# Assigned task
Once you find the line with "Harry Potter – Buckbeak figura 17 cm" in the data that follows, repeat it and every line after it exactly, through the line with "BEN TAVERNITI UNRAVEL".

# The records
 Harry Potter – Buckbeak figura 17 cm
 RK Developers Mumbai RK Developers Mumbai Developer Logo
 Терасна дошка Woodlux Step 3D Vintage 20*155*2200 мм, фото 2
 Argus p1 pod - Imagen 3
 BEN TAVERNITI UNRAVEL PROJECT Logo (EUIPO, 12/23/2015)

==

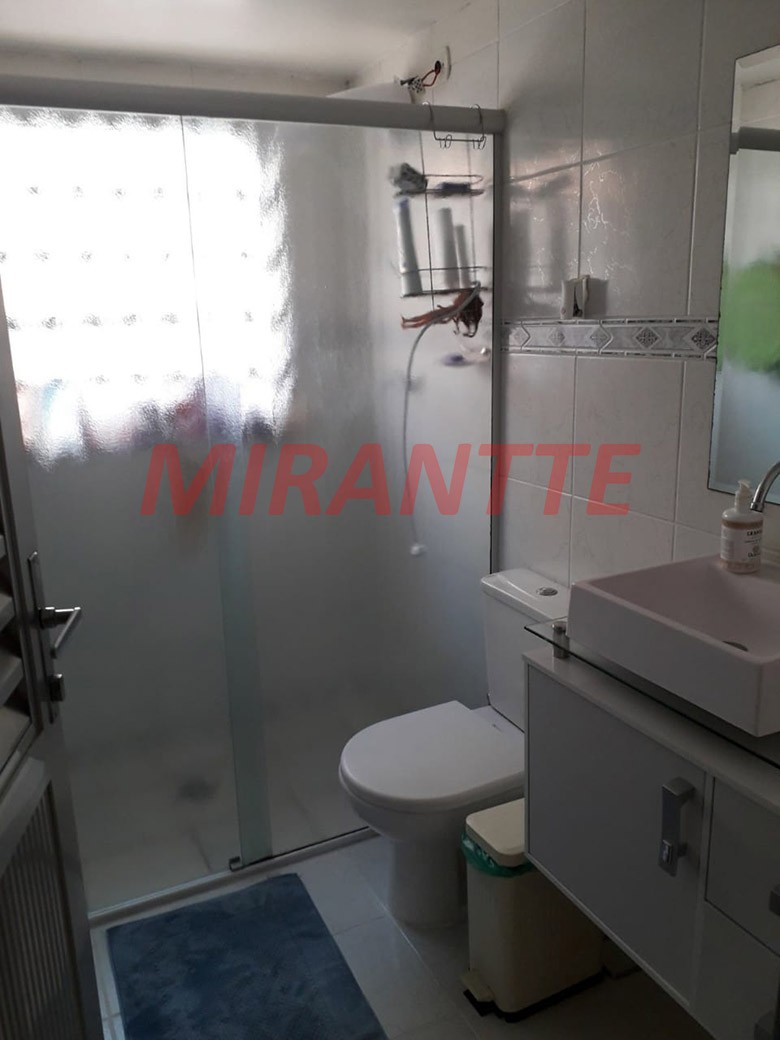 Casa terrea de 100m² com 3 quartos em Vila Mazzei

--

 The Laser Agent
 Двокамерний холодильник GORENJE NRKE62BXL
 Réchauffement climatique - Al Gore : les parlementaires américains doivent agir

# Output of the task
 Harry Potter – Buckbeak figura 17 cm
 RK Developers Mumbai RK Developers Mumbai Developer Logo
 Терасна дошка Woodlux Step 3D Vintage 20*155*2200 мм, фото 2
 Argus p1 pod - Imagen 3
 BEN TAVERNITI UNRAVEL PROJECT Logo (EUIPO, 12/23/2015)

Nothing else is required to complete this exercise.